The electoral process has also been corrupted by runaway bribery through political donations.

Another vicious circle has emerged. The politicised Supreme Court from 2010 on has refused to control corporate and individual political donations – thus favouring the Republicans.

Donations from billionaires, mainly to the Republicans, consequently boomed from just $17 million in 2008 to $611 million in 2018 – and rising. This results in policies more skewed to the wealthy and conservatives, and therefore greater inequality. These policies include engaging in wars in remote places where the only real US interests are those of war profiteers. In turn, these policies result in more donations from billionaires, who get repaid manyfold, and who now have as much if not more control of the process than voters.

Tragically, American exceptionalism – “we are the first and best democracy on Earth” – contributes to the self-delusion of indestructibility. There is nothing automatically self-correcting in US democracy. Even the so-called checks and balances are not working – they are causing gridlock, rather than adding a bit of mild caution to a system that is overall supposed to be geared to problem-solving, not political point-scoring.
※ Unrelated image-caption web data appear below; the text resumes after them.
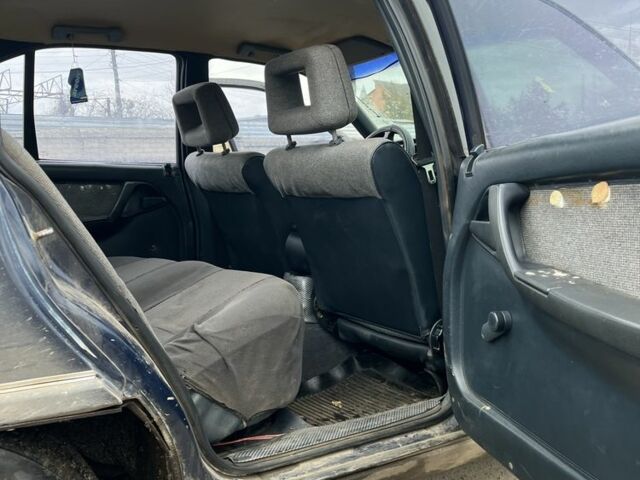 Синий Опель Омега, объемом двигателя 1.8 л и пробегом 500 тыс. км за 1037 $, фото 3 на Automoto.ua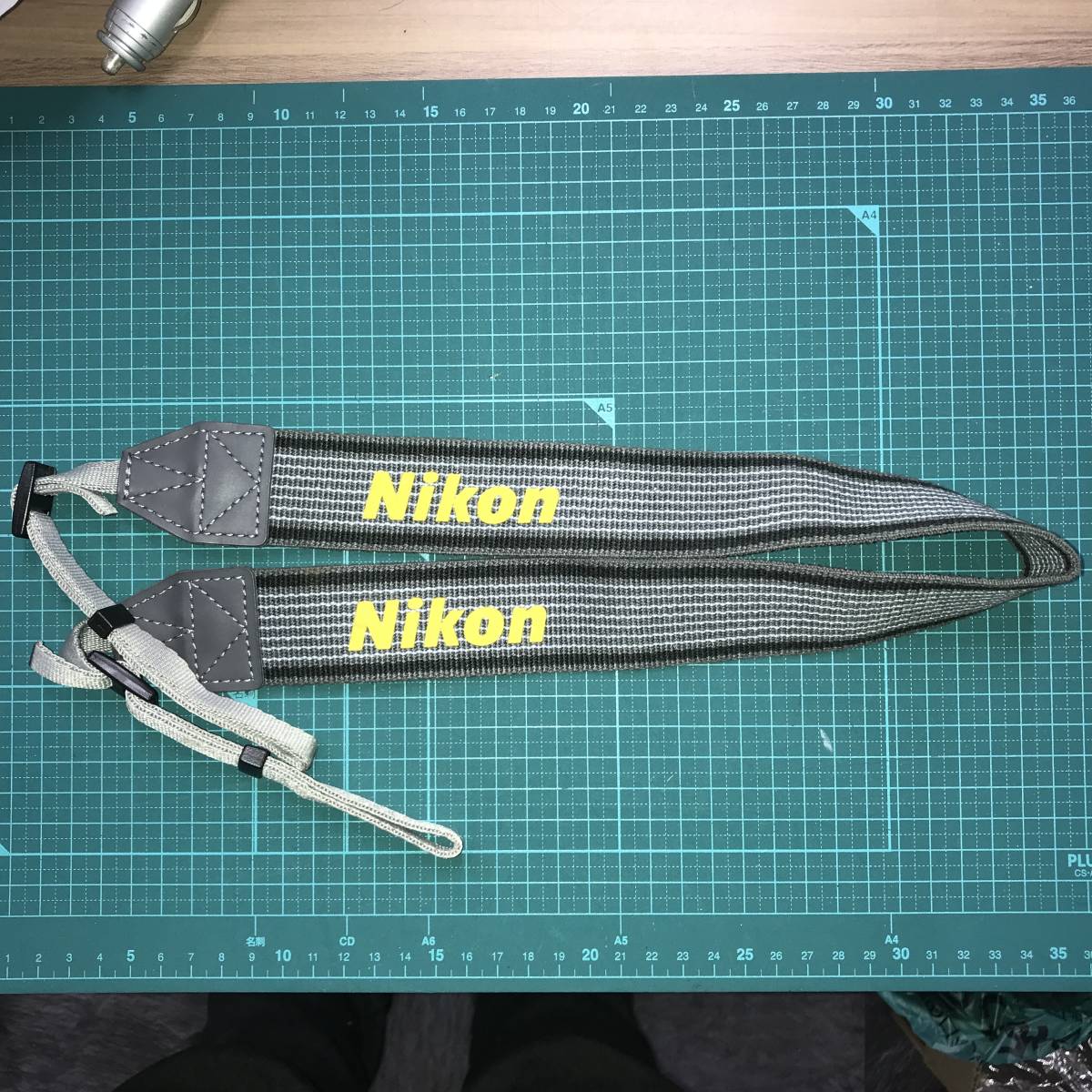 ★ ニコン ロゴ入り カメラストラップ 未使用品 R00944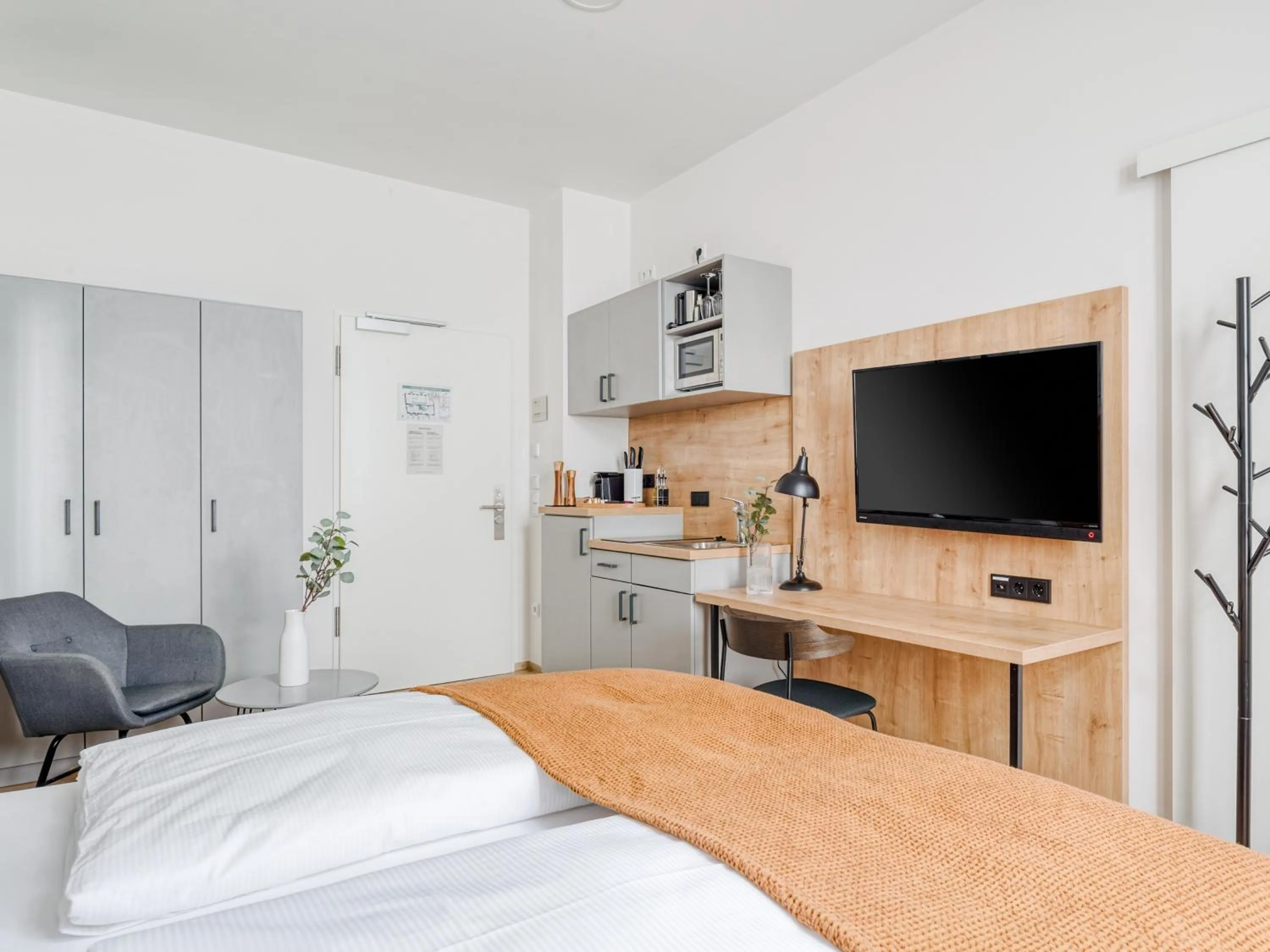 Bed in Limehome Bamberg Keßlerstraße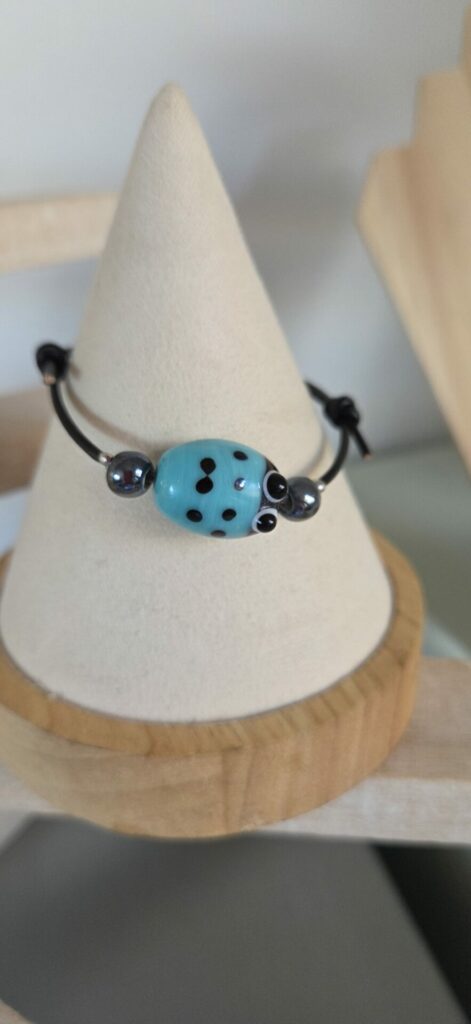 Bracelet enfants coccinelle et cuir rond noir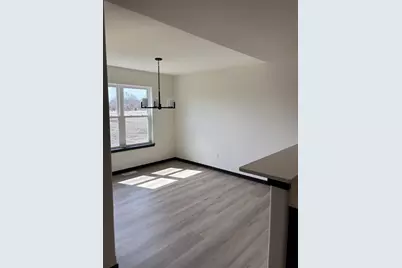 121  Resort Dr, Johnson Creek, WI 53038 - Photo 17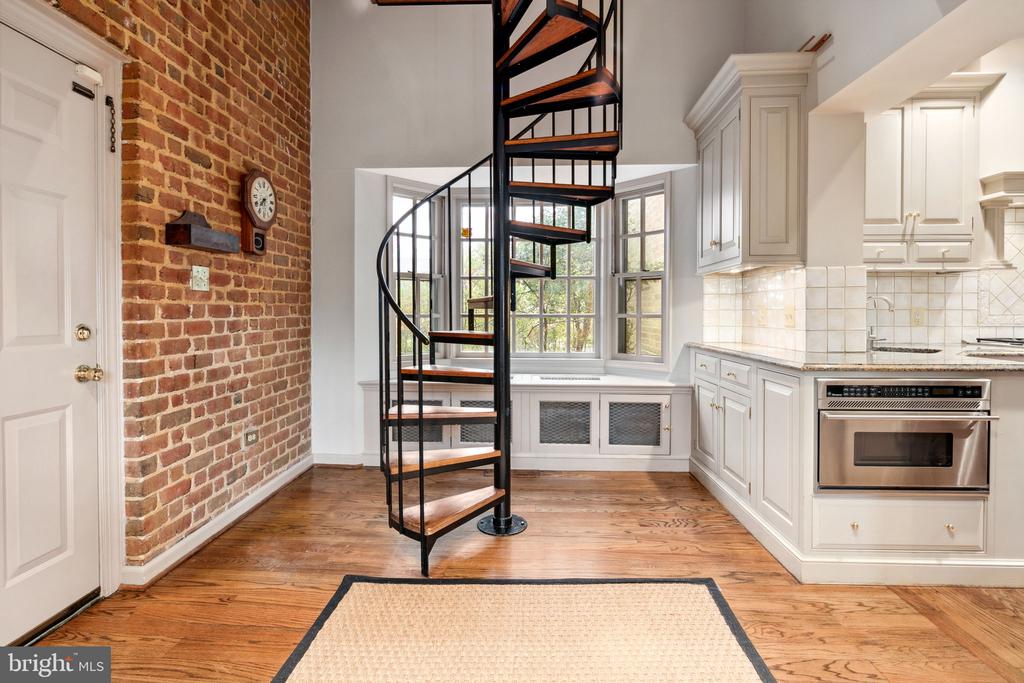 9394 MOUNT VERNON CIRCLE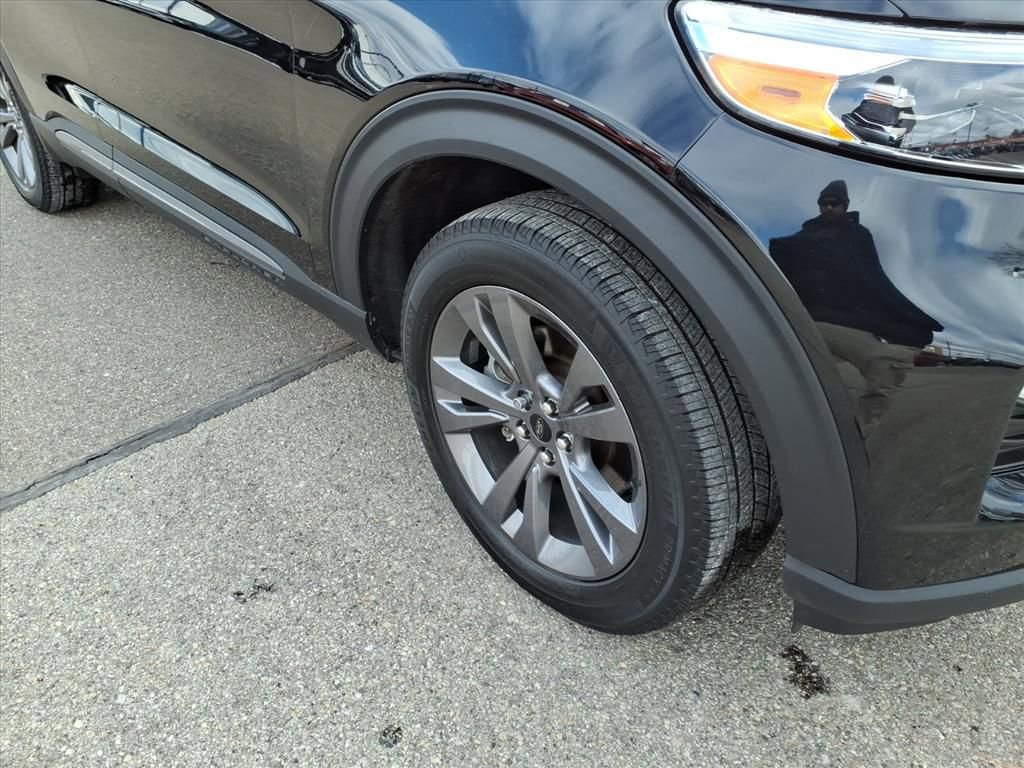 Certified 2023 Ford Explorer XLT w/ Equipment Group 202A image 5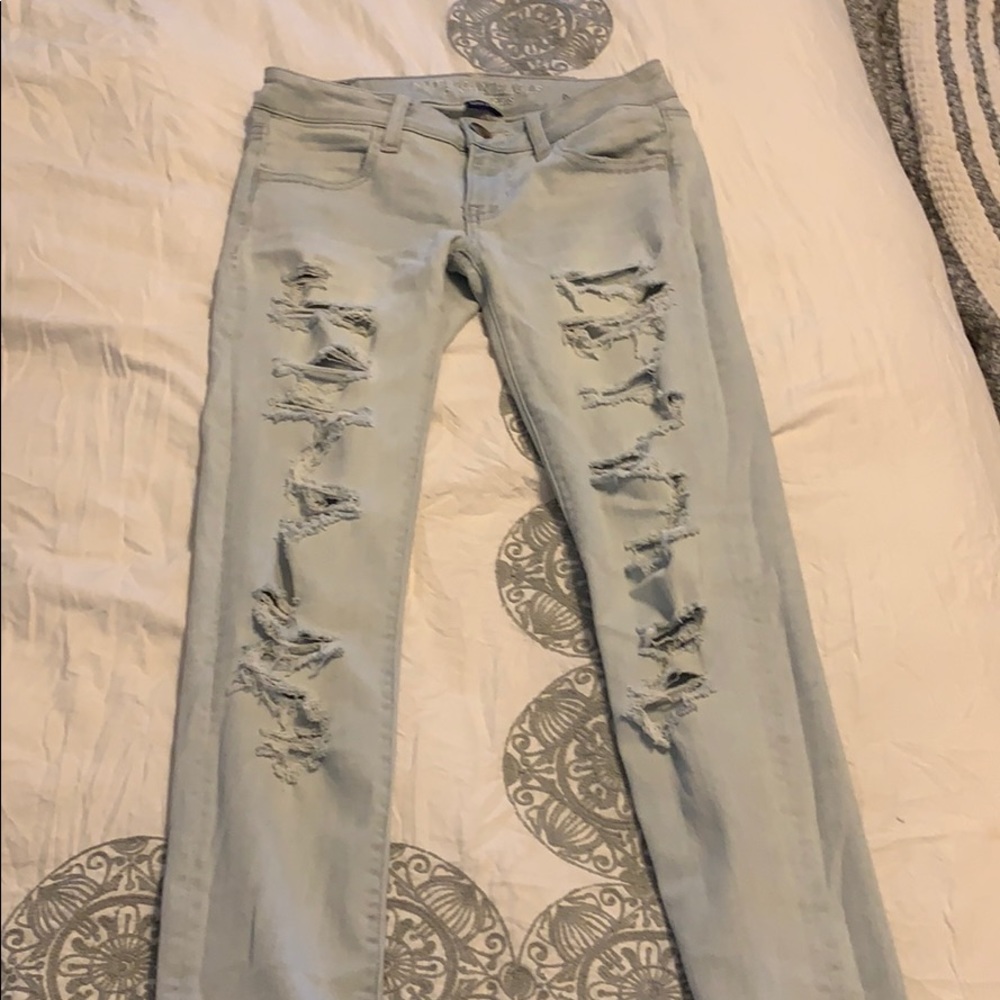 American eagle ripped jeans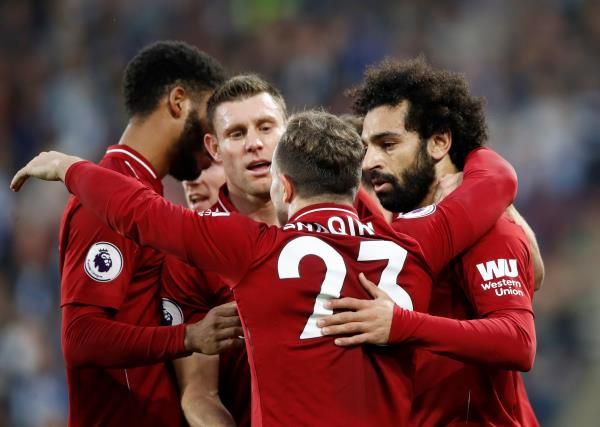 صلاح مع لاعبي ليفربول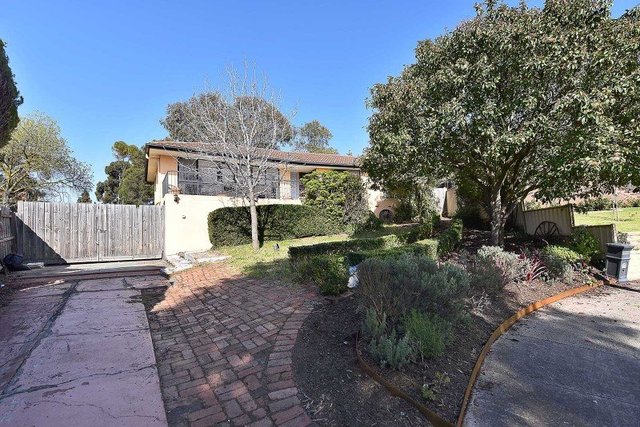 9 Stanton Ct, VIC 3049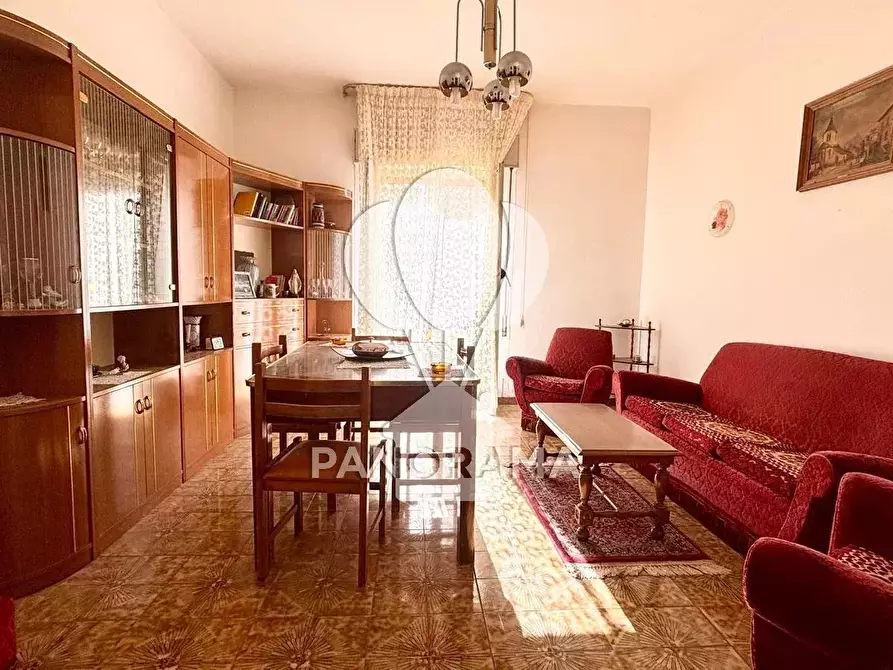 Immagine 14 di Casa trifamiliare in vendita  in Via Sardegna a Alcamo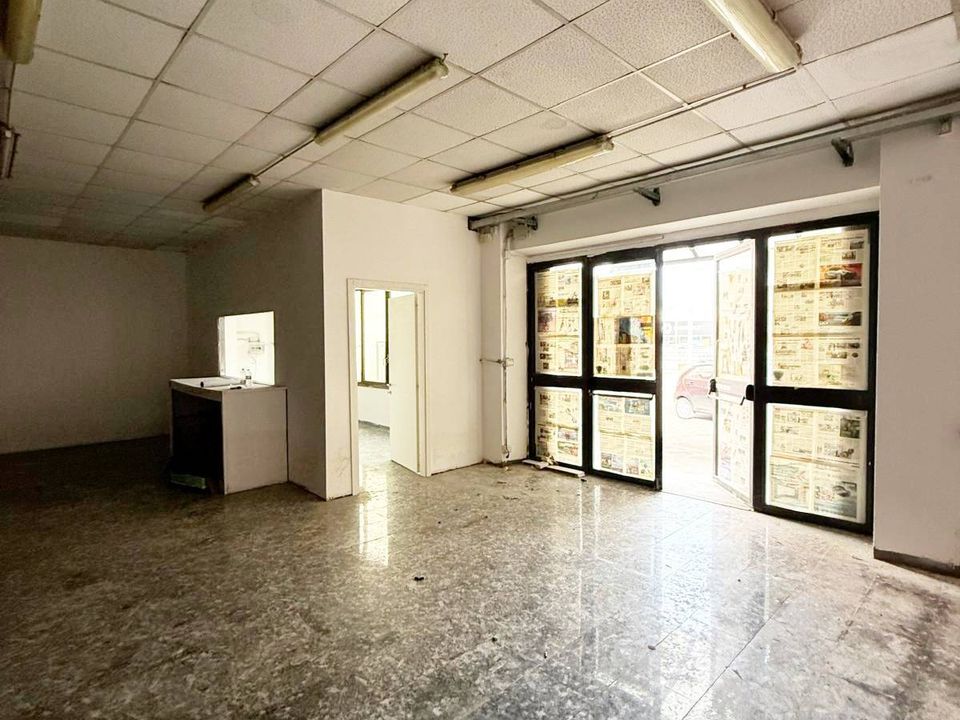 Commercial property in Caresanablot, Vercelli - photo 2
The system has become so warped that those disenfranchised, disempowered and disenchanted are taking to the streets, questioning the legitimacy of the whole system.

The only question is whether the taking to the streets can break these vicious circles, or whether it is just another step in the decline and fall of a great power.

Whatever happens, Australia must not go any further in the direction the US has gone in the past few decades.